The workers option seems to be ignored, and flaccid seg faults on large files.
How large and was it a seg fault or was an error message given? As far as I remember proper streamed read was implemented, it shouldn't be reading the entire file into memory before encoding or anything like that. If it was a large wav file then that might explain it, wav support currently is poor.

The last commit which I pushed after TheBigBadBoy first tried compiling the code fixed a regression in fixed mode where it only ran single-threaded. They may not have updated to include that commit before building the binary. Alternatively something else may have got lost in the shuffle of refactoring/tidying/minimising which were some of the last things I did in feb.

Re: Multithreading

Reply #102

The workers option seems to be ignored, and flaccid seg faults on large files.
How large and was it a seg fault or was an error message given? As far as I remember proper streamed read was implemented, it shouldn't be reading the entire file into memory before encoding or anything like that. If it was a large wav file then that might explain it, wav support currently is poor.

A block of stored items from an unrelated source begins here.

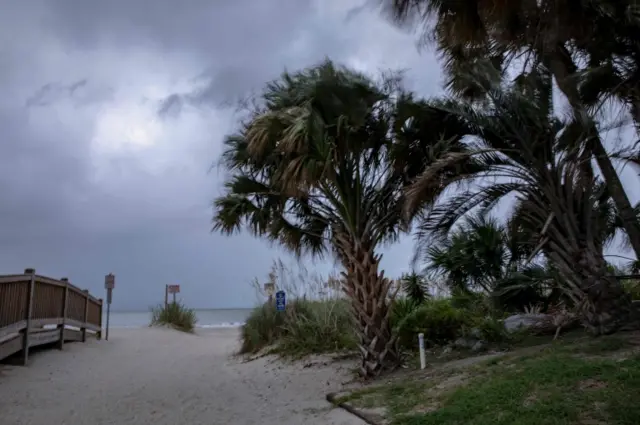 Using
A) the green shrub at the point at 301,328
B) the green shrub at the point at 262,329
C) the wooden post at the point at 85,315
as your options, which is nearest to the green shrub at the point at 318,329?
the green shrub at the point at 301,328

The last commit which I pushed after TheBigBadBoy first tried compiling the code fixed a regression in fixed mode where it only ran single-threaded. They may not have updated to include that commit before building the binary. Alternatively something else may have got lost in the shuffle of refactoring/tidying/minimising which were some of the last things I did in feb.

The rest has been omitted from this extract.